Many in the indie community were saddened by Trish Keenan’s passing, in part because it seemed to interrupt the quiet hum of Broadcast’s productive, consistently assured output since 1995. But her wintertime death from pneumonia did not signal the succumbing of their more ethereal tendencies; it spelled a generally uncertain future for the entire project, which by 2005’s Tender Buttons had been whittled down to just Keenan and her partner James Cargill. Keenan was a major creative force in Broadcast; that much has been highlighted by the various tributes. She was not ‘just the vocalist’ of the band, a point being emphasized as of late perhaps because some of Broadcast’s peers in electronic music in the 90s operated on a revolving-door policy for female vocalists.

Happily, for family, friends, and fans alike, Keenan’s legacy as a spokeswoman/philosopher, a creative lyricist, and a linchpin of the band has been widely recognized alongside her authoritative vocal talents since her death.

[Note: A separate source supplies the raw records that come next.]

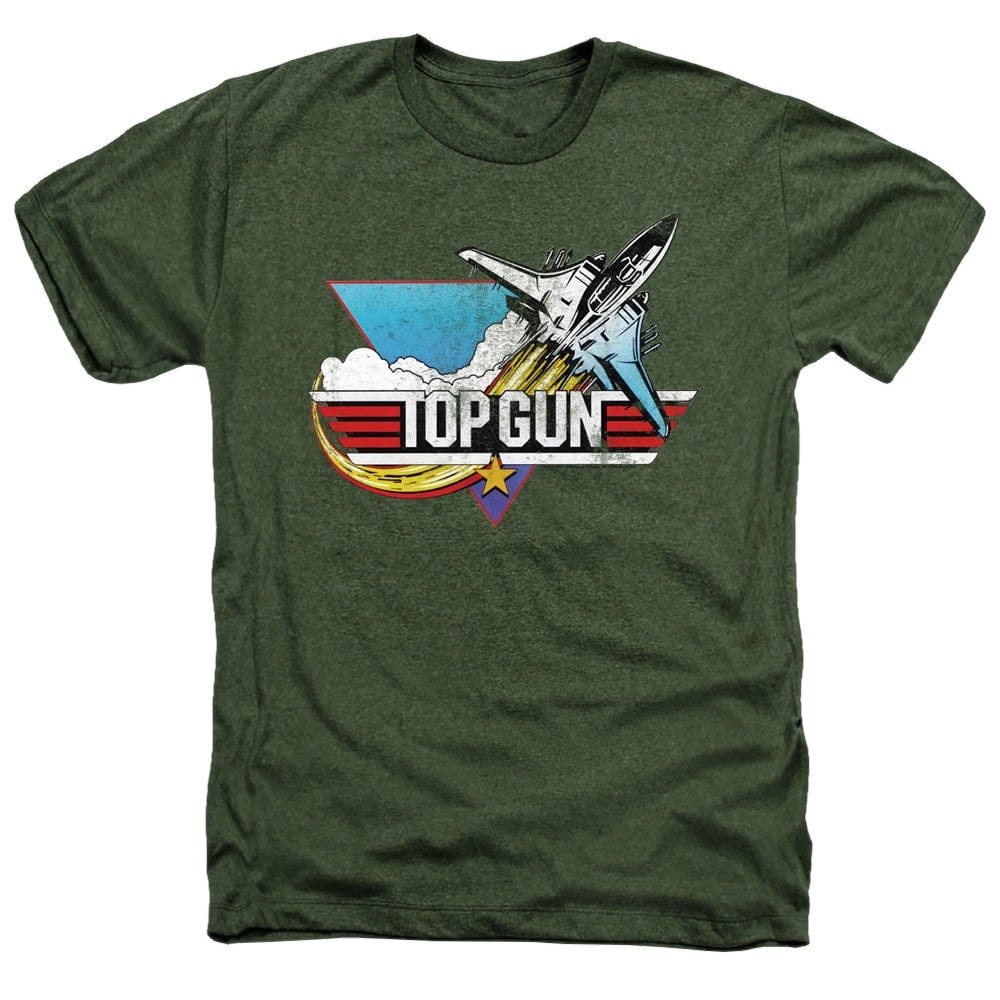 Top Gun Distressed Logo - Men's Heather T-Shirt Men's Heather T-Shirt Top Gun   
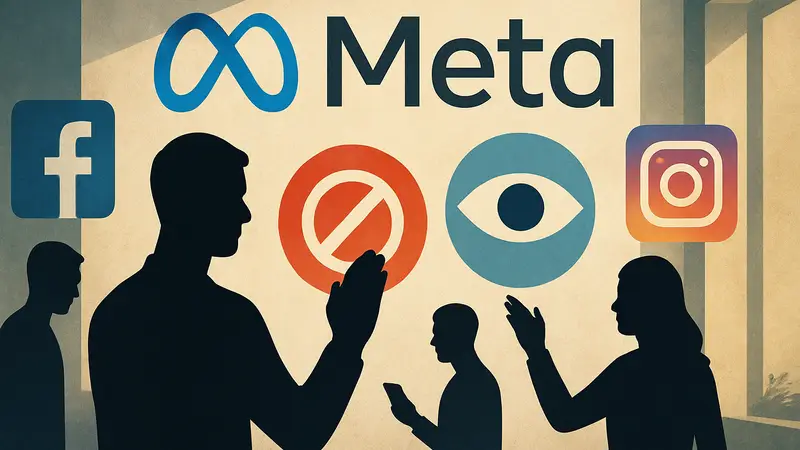 Логотип Meta и иконки социальных сетей, символизирующие модерацию аккаунтов и прозрачность.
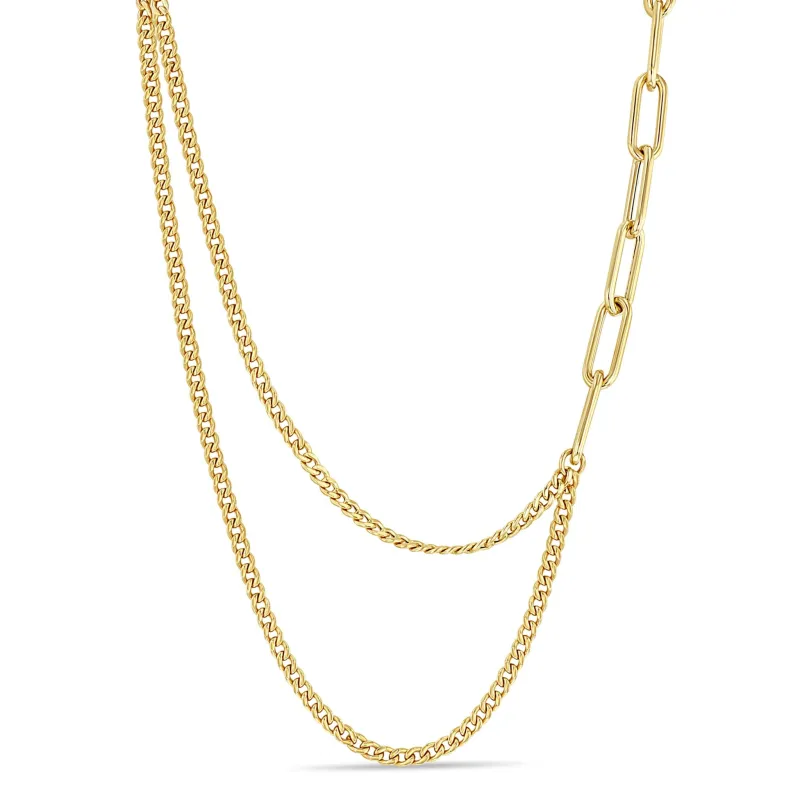 14k Mixed Paperclip Chain & Draped Double Small Curb Chain Necklace - SALE sold by Zoe Chicco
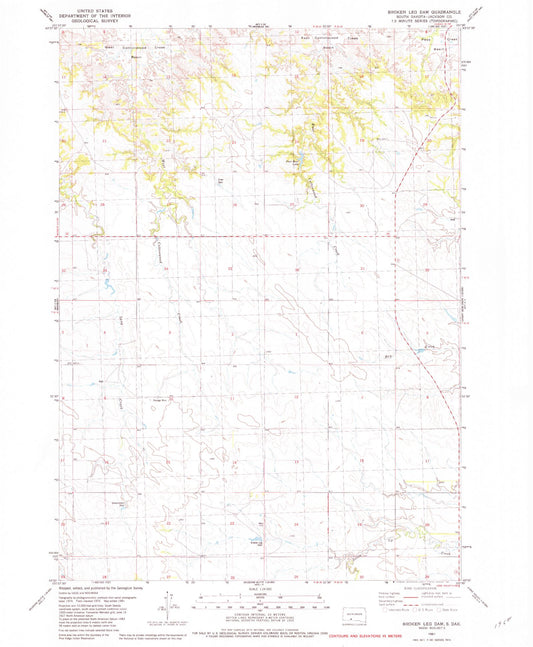 Classic USGS Broken Leg Dam South Dakota 7.5'x7.5' Topo Map Image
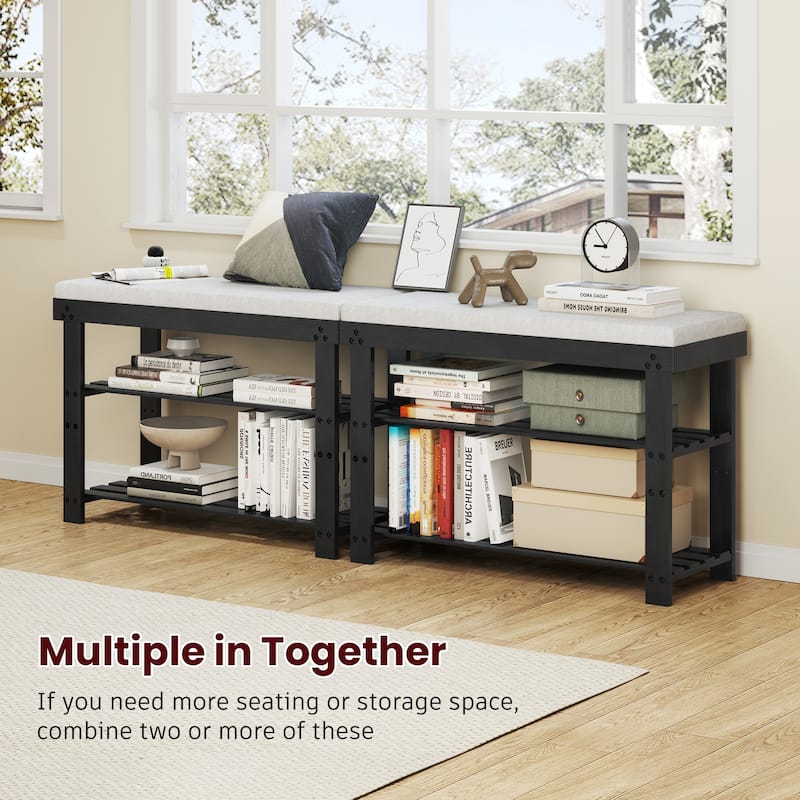 Bamboo Shoe Bench, 3-Tier Shoe Rack, Entryway Bench with Cushion and Adjustable Shelves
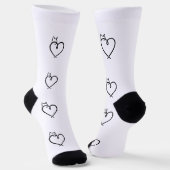 Stylized Cat Heart Print Socks Sokken (Gebogen)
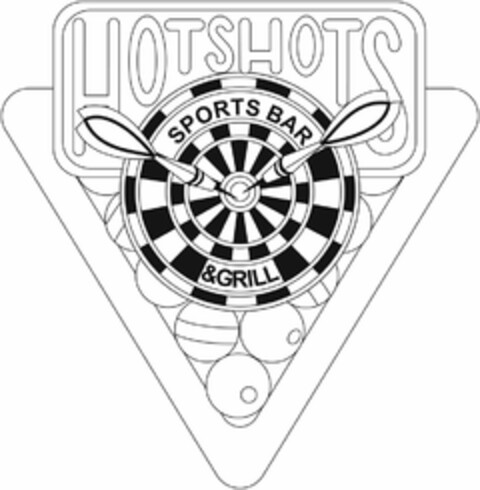 HOTSHOTS SPORTS BAR & GRILL Logo (USPTO, 02/25/2009)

Authoritative may sound like an odd description of a delicate voice like Trish’s. But if she at times sounds like a refugee from C86, it has more to do with her precise enunciation than any residue of cuteness. Happy legacies again — Broadcast were always sophisticated enough to select the ‘best bits’ of the past, tuning that retrospective vision like a kaleidoscope to their desired frequency of weirdness. Keenan herself described her ideal vocals as “very very direct spoken voice almost,” and her vocal tastes were anti-blues, leaning towards the easy delivery of 60s French pop singers.

“If ever a band were most at ease locating the everyday in the Bohemian and the strange, it was Broadcast — true to the Surrealist game.”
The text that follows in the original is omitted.